Try it:
Gather each line of the records where "change" appears.

Input for this task:
──────────────────────────────
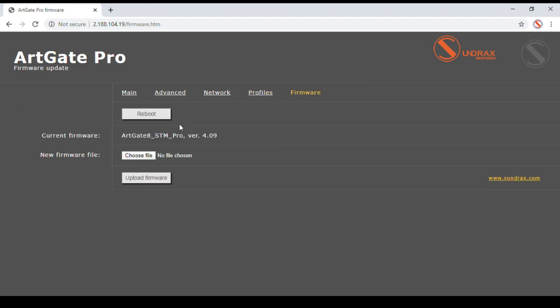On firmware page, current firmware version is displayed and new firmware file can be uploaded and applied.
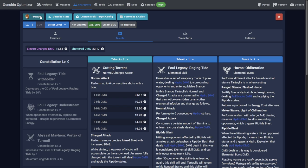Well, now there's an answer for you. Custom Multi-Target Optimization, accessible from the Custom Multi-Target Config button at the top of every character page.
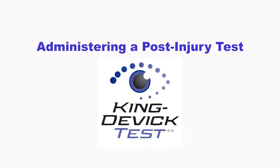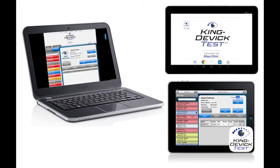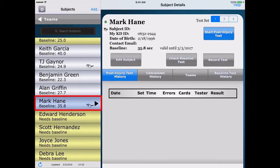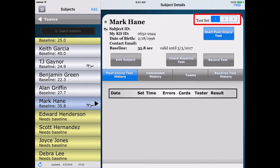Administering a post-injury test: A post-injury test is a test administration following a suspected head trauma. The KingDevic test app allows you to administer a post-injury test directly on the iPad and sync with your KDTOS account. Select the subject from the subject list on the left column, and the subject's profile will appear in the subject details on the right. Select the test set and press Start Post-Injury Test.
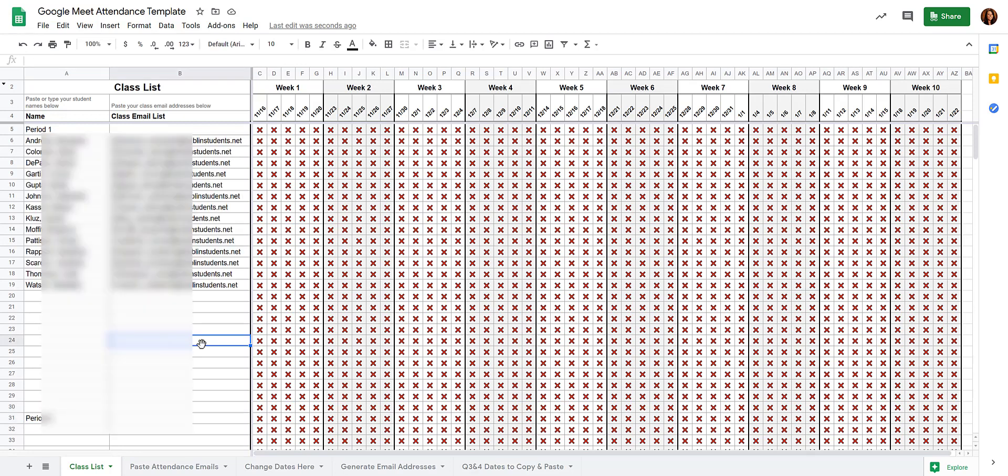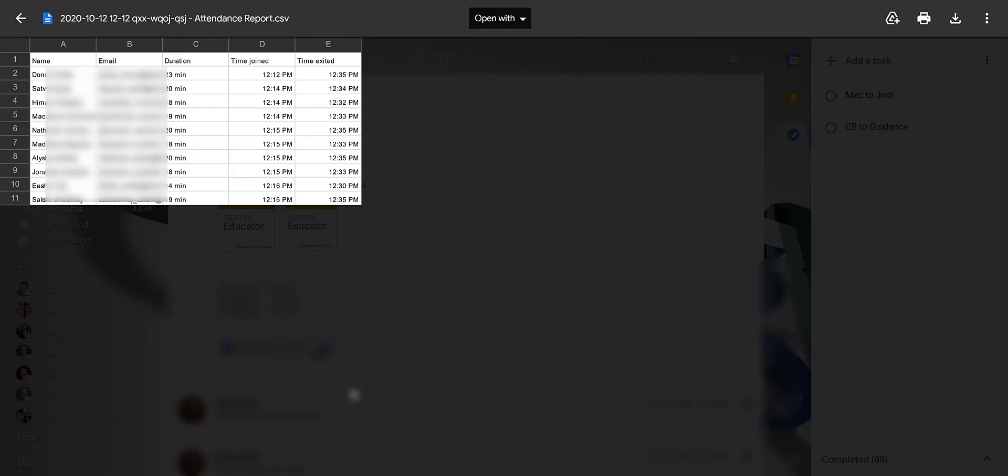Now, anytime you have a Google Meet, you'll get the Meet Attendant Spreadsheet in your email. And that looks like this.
──────────────────────────────
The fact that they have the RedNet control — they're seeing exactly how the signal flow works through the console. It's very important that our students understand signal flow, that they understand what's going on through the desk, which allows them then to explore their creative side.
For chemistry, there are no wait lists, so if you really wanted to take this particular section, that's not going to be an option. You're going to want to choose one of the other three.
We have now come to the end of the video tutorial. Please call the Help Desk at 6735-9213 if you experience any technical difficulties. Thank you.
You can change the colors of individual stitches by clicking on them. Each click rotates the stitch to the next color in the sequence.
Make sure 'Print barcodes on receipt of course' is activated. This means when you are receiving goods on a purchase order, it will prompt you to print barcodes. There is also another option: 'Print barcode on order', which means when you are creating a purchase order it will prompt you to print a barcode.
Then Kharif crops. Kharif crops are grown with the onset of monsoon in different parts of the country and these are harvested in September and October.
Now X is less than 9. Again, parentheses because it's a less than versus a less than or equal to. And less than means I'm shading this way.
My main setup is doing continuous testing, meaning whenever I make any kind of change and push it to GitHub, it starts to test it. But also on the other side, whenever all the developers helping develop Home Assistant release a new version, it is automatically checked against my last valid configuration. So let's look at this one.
──────────────────────────────
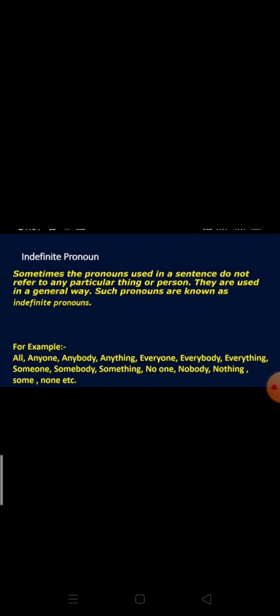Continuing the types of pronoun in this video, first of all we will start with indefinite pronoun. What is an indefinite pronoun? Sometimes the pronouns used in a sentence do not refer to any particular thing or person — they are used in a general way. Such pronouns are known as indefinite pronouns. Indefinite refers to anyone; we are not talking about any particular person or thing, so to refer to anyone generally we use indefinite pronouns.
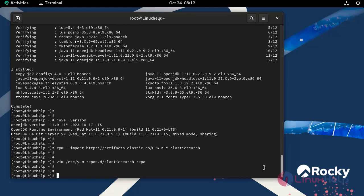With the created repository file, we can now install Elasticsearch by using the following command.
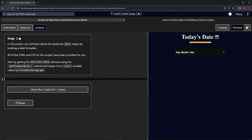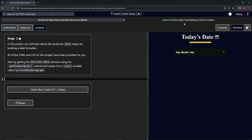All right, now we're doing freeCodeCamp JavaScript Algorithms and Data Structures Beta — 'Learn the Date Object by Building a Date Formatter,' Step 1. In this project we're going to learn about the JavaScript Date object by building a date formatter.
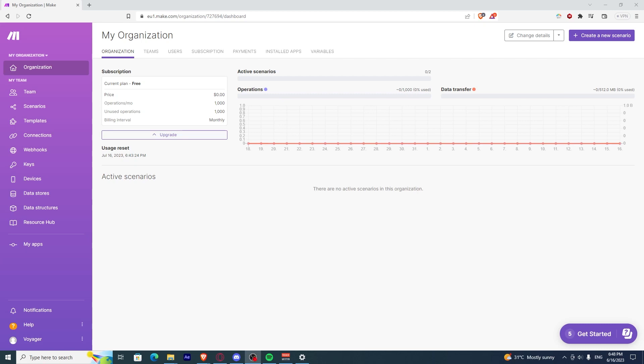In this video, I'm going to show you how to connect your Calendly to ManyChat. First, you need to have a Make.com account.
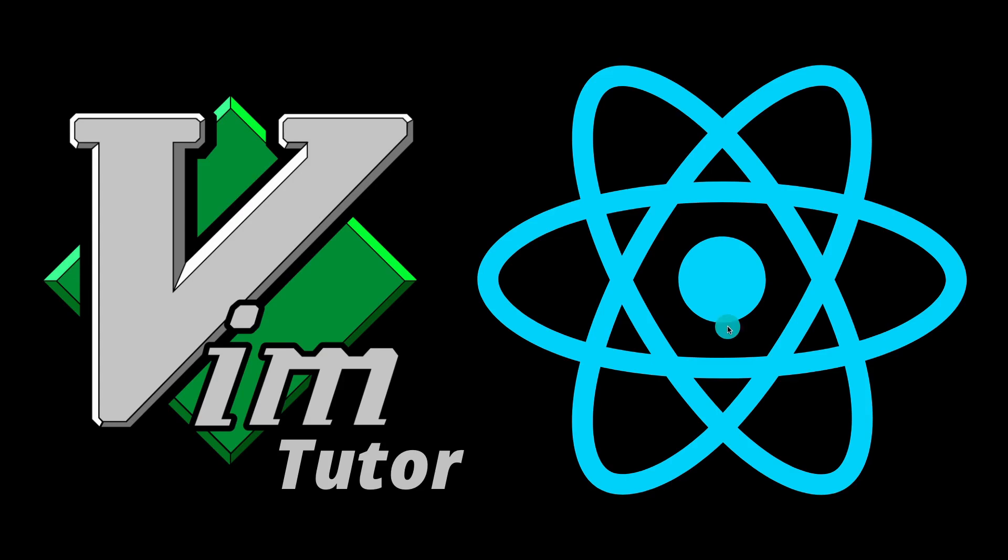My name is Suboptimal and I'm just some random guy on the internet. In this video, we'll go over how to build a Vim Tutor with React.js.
──────────────────────────────
Response below:
You can change the colors of individual stitches by clicking on them. Each click rotates the stitch to the next color in the sequence.
My main setup is doing continuous testing, meaning whenever I make any kind of change and push it to GitHub, it starts to test it. But also on the other side, whenever all the developers helping develop Home Assistant release a new version, it is automatically checked against my last valid configuration. So let's look at this one.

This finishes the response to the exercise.